SB447 would increase the homestead property tax credit from $350 to $375, beginning in 2020, according to the finance agency. The department forecasts a $149 million balance in the property tax relief trust fund on Dec. 31, 2019.

Hendren said the bill would allow for the secretary of state’s office to purchase the latest voting equipment for counties without that equipment with the counties paying their share of matching funds. It also would reimburse some counties "that didn't get the match that they thought they were going to get," he said. The counties' match rate ranges from 50 percent to 90 percent, he said.

"Essentially, I am putting about $8 million in this bill and the counties will have put about $5 million to finish off having the new voting equipment that the state has been asking for now for two, three or four years," he said.

The remaining excess funds in the property tax relief trust fund transferred to general revenue could be used "to offset some of the money we lost through tax cuts or provide future tax cuts or meet some of the other needs we have in the state," Hendren said.
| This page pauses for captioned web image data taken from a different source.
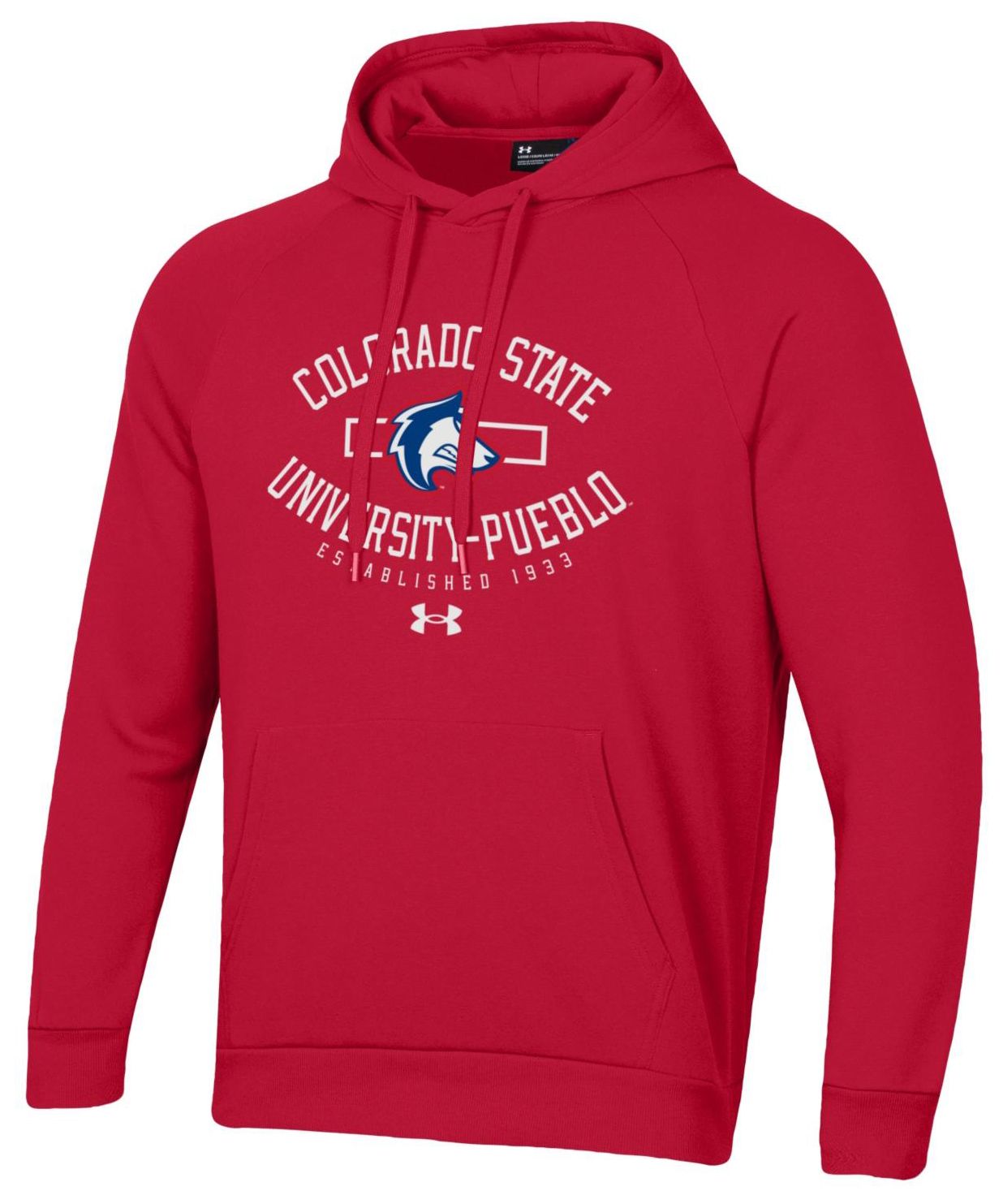 Under Armour Men's Concordia University St. Paul Golden Bears Red Rival Fleece Pullover Hoodie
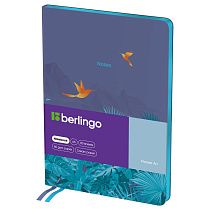 Записная книжка А5 80л., кожзам, Berlingo "Flower Art", с рисунком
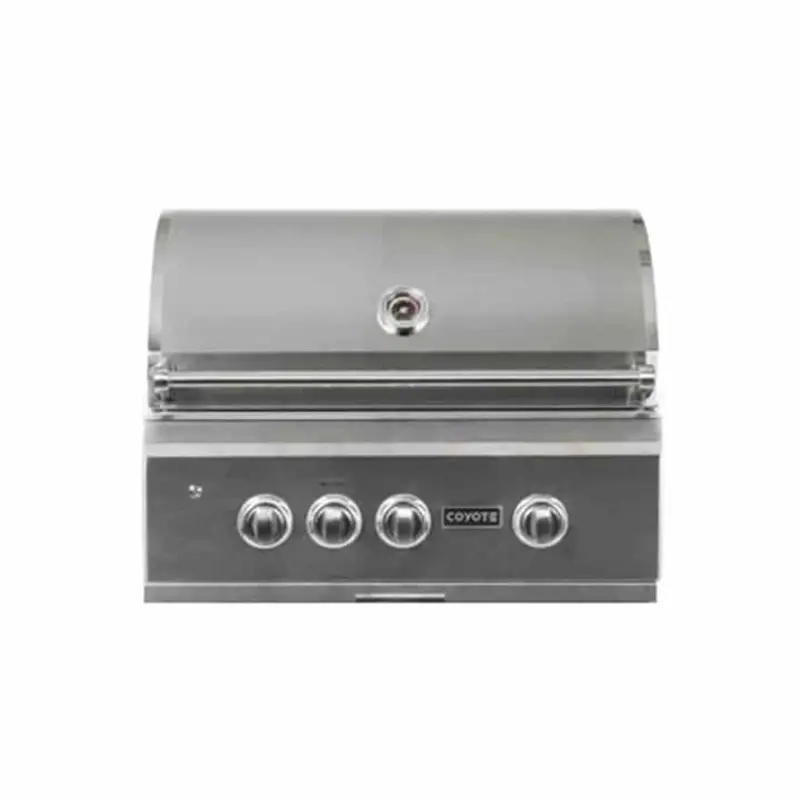 Coyote S-Series 30" 4-Burner Built-In Propane Gas Grill With Rapidsear & Rotisserie 1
He said the state has a pretty regressive tax code because it has such a high sales tax. He said it also has a high income tax relative to other states and incredibly low property taxes.

"So the scenario that we have right now is just bad policy. It takes sales tax revenue and reduces property taxes even further so it continues to add to our regressivity of the tax code," Hendren said.

"But if they decide they want to begin to reduce the sales tax ... they can do that, or if they decide they have got to fill some of the holes in our budget that might have been created because of the tax cuts in the past it gives them the ability to do that," Hendren told the Senate committee.

In calendar year 2020, the finance department projects the increased homestead tax credit would increase reimbursements to the counties by $12.5 million. The department forecasts a $135.7 million balance in the trust fund on Dec. 31, 2020.

In making a pitch for his HB1321, Fite told the Senate committee, "I feel very strongly that this is collected for property tax relief and it goes into the property tax relief trust fund.

"We should be giving this money back to the people in a tax break through property taxes or the sales tax and I propose studying that in an interim committee," he said.

The property tax relief trust fund "has been raided on many occasions to the tune of $172 million in the past and I think we address that issue," Fite said.

He said his bill would increase the homestead property tax credit by $25 to $375 per parcel and "probably does nothing more than keep up with inflation." In a divided voice vote, the Senate balked at recommending approval of HB1321.

The homestead property tax credit was last increased by $50 to the current $350 by the Legislature in 2007 at the behest of then-Gov. Mike Beebe.

A Section on 03/07/2019

CORRECTION: Senate Bill 447, which would increase the homestead property tax credit to $375, also would transfer money to the voting system grant fund to allow the secretary of state’s office to buy voting equipment for counties, providing the counties pay matching funds, said Senate President Pro Tempore Jim Hendren, R-Sulphur Springs. An earlier version of this article incorrectly described what Hendren said about the matching funds.